On the sample-dependent minimal conductivity in weakly disordered graphene

TL;DR

This paper explains the sample-dependent minimal dc conductivity in weakly disordered graphene by analyzing how disorder affects electron self-energy, supported by theoretical derivations and numerical simulations.

Contribution

It provides a unified theoretical framework linking disorder-induced self-energy corrections to the observed variability in graphene's minimal conductivity.

Findings

Disorder induces momentum-dependent corrections to electron self-energy.

The derived self-energy explains sample-dependent minimal conductivity.

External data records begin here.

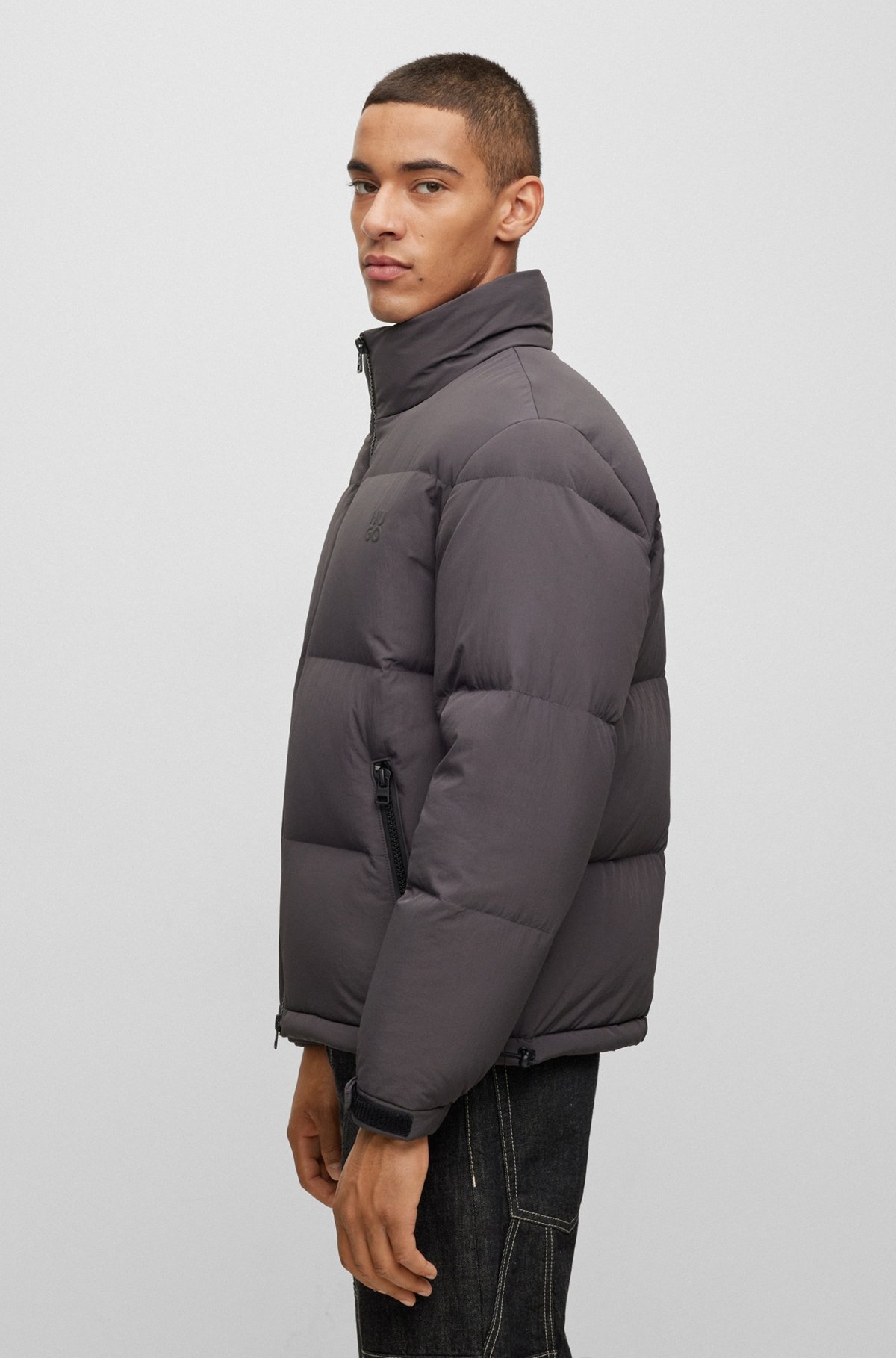REGULAR-FIT WATER-REPELLENT PUFFER JACKET WITH STACKED LOGO - 2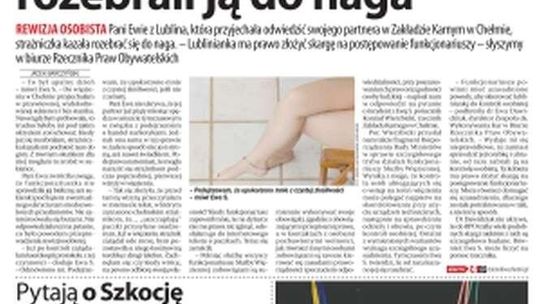 Pierwsza strona Dziennika Wschodniego z 7 sierpnia 2017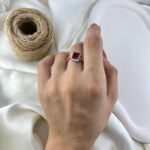 انگشتر زنانه مدل تک نگین کد R51774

Numerical simulations validate the theoretical predictions.

Abstract

We present a unified understanding of the experimentally observed minimal dc conductivity in weakly disordered graphene. Firstly, based on linear response theory, we reveal that randomness or disorder inevitably induces momentum dependent corrections to the electron self-energy function, which naturally yields a sample-dependent minimal conductivity. Taking the long-ranged Gaussian and Coulomb potentials as examples, we derive the momentum dependent self-energy function within the Born approximation, and further validate it via numerical simulations using the large-scale Lanczos algorithm. The explicit momentum dependences of the self-energy on the intensity, concentration and range of potential are critically addressed. Therefore, our results provide a reasonable interpretation of the sample-dependent minimal conductivity observed in graphene samples.